=== Begin Enclosure ===

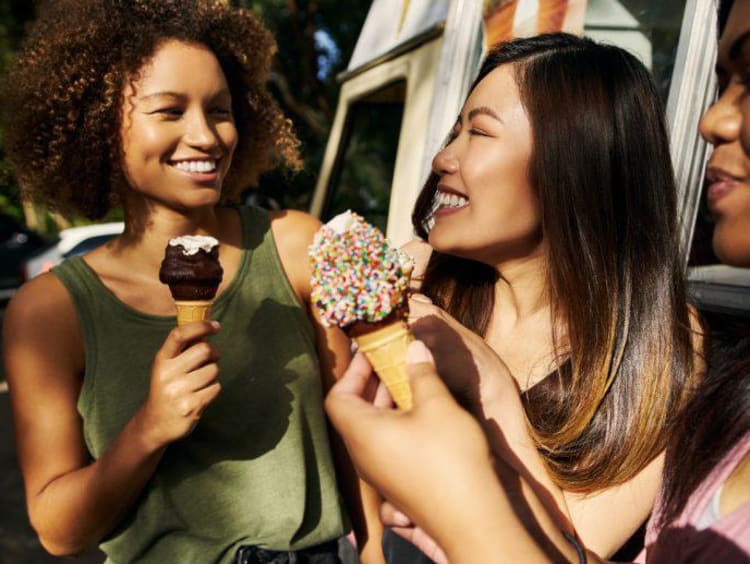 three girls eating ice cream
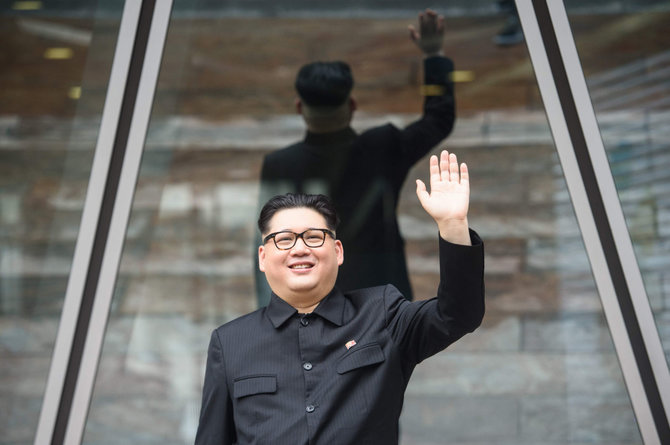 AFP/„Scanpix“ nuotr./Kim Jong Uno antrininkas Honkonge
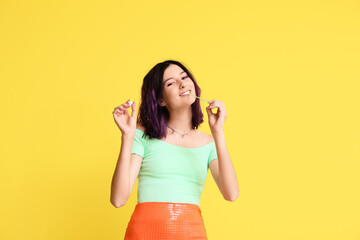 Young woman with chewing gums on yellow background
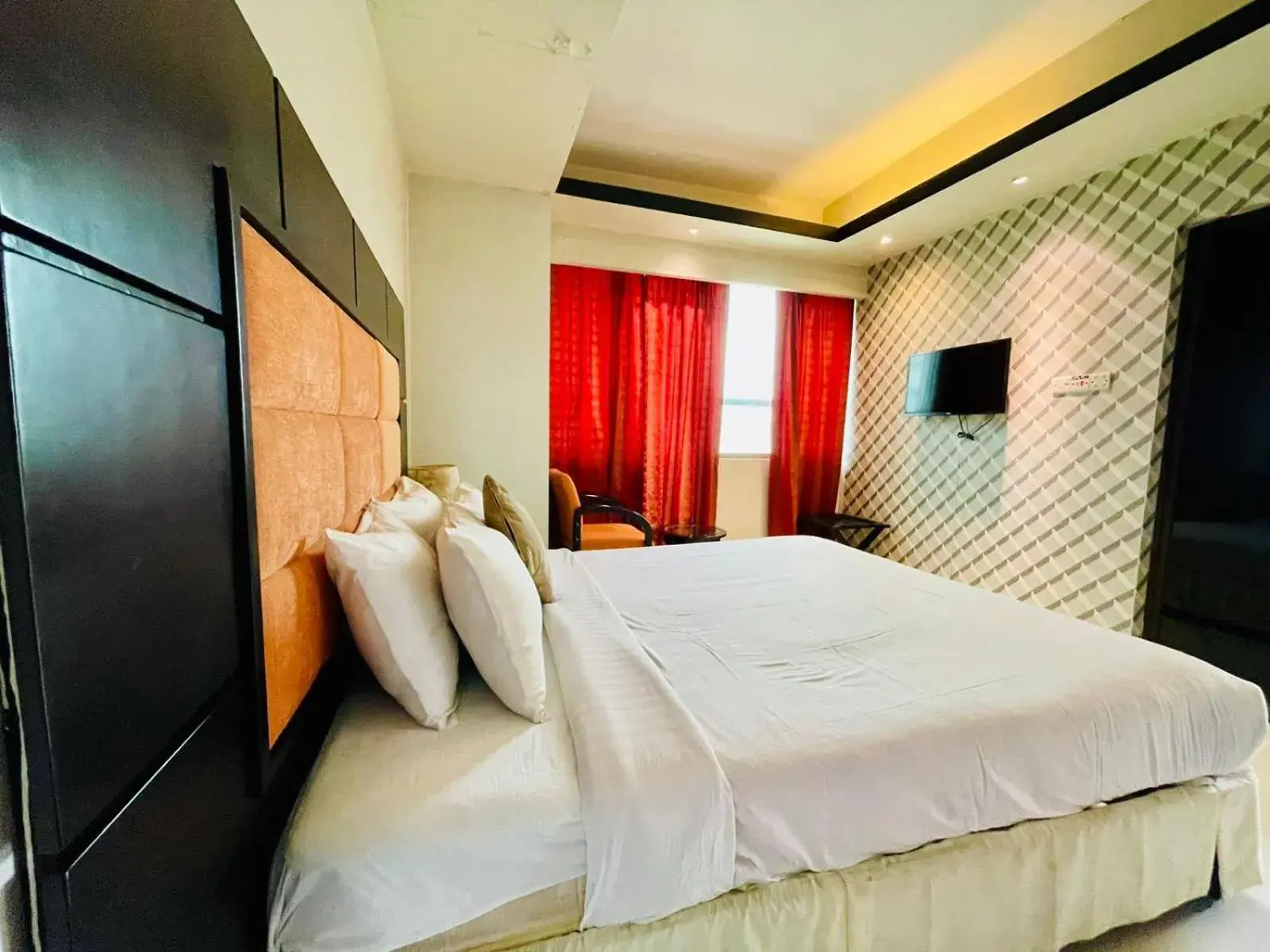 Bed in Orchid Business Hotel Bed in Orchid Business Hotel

=== End Enclosure ===

### WHAT IS REQUIRED:
The material above holds pictures; copy everything else in it exactly.

### TASK RESULT:
 three girls eating ice cream
 AFP/„Scanpix“ nuotr./Kim Jong Uno antrininkas Honkonge
 Young woman with chewing gums on yellow background
 Bed in Orchid Business Hotel Bed in Orchid Business Hotel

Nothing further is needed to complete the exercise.